Mazhar Alanson yeni değil, yıllardır sufi gibi olmayı ya da görünmeyi seviyor. Bunu da TV ekranlarında sıklıkla dile getiriyor. İnkar edeceğini sanmıyorum. Belki de bu Yandım Yandım açıklaması da öyle bir sufi görünme çabasıydı. Her dönem bu tür açıklamalar olur, olmuştur.

Abone ol

Mazhar Alanson bir söz söyledi. Her kafadan bir ses çıktı. Üsküdar Belediyesi’nin ev sahipliğinde sahne alan Mazhar Alanson sevilen şarkısı ‘Yandım Yandım’ı nasıl yazdığını anlattı. Şarkısını aslında Kabe’ye yazdığını belirten ünlü şarkıcı Mazhar Alanson, “’Yandım Yandım’ kısmını Medine’de yazdım. Yandım’ı birinci gün not defterime düşüyorum. İkinci gün ‘Ah ki ne yandım’ yazmışım. Şimdi ben nerede yazmış olduğumu söylemesem, şarkıyı size açıklamasam siz onu bir aşk şarkısı olarak dinliyorsunuz. Sonra bana şarkılar söyleten kadın mevzusu olmuş. Mesela ‘Baka baka doyamadım, hem kokladım da’ Kabe’yedir. Ama siz onu dinlerken aşk şarkısı zannedersiniz” dedi.

SIMON&GARFUNKEL BENZERLİĞİ

Demesine dedi ama dedikten sonra sosyal medyada büyük bir tepki tufanı koptu. Çünkü yıllar önce bir TV programında aynı şarkı için Bodrum’dan esinlendiğini söylemişti. O görüntüler günlerce sosyal medya üzerinden yayıldı. Alanson yandaşlıkla itham edildi, bir taraf sahiplendi diğer taraf ise kızdı. Ben bu konu hakkındaki fikrimi kendime saklayacağım, yıllar yılı ne MFÖ müziğini sevdim ne de ondan öncesi olan Mazhar-Fuat ikilisinin müziğini sevdim. O müziği neden sevmedim, tamamen tercih meselesi. Benim için Mazhar-Fuat olarak başlayan ikili bir Simon&Garfunkel kopyasıydı. Kıyafetleri, duruşları hatta onlar gibi beste yapabilme çabalarıyla öylelerdi. Bu benzeme çabası başarılı oldu mu olmadı mı takdiri konunun uzmanları versinler. Çoğu sanatçı ilk çıkış yıllarında birilerine öykünür.

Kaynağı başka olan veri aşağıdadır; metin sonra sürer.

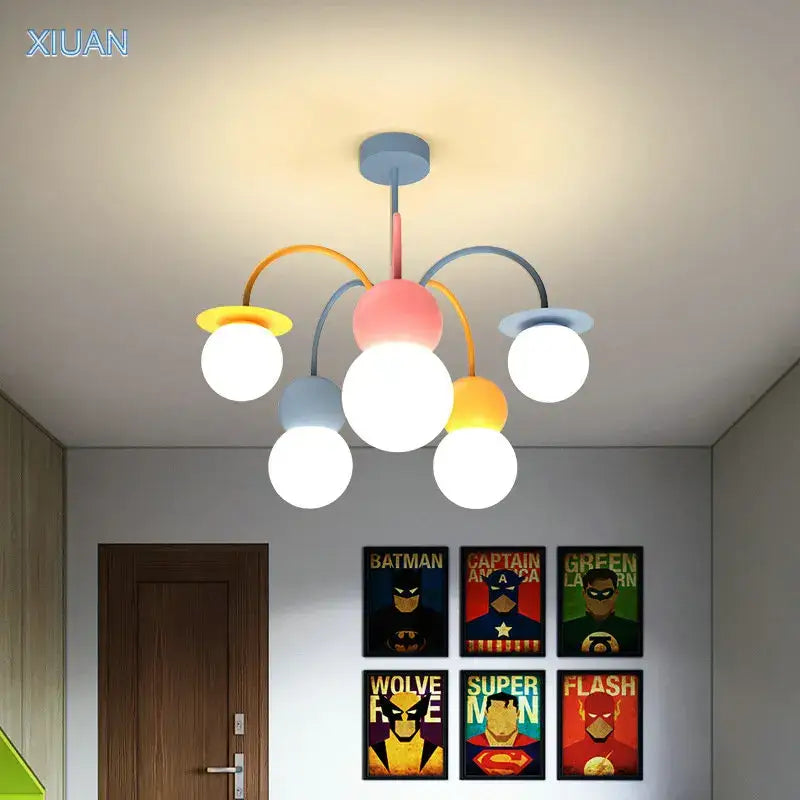 Modern colorful cartoon led chandelier light with pastel pink and blue hub and white bulbs for kids bedroom lighting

Bu durum bizim ülkemizde biraz daha fazla olur. Özgünlükten uzaklık kopyacılığa yatkınlık durumu söz konusu. Türkiye’de her dönemde bunu görmemiz mümkündür. Kimseyi ayırmadan söylüyorum ve yazıyorum. Bu benzerlik Mazhar-Fuat ikilisinin ilk plaklarını çıkardıkları firma olan Yonca Plak’ın sahibi Ergin Bener’e sorulabilir. Mutlaka fikri alınmalıdır diye düşünüyorum. Simon&Garfunkel önemli bir konudur. Çünkü Türkiye’de herkes herkese benzemeye çalışmıştır, inkar da edileceğini düşünmüyorum.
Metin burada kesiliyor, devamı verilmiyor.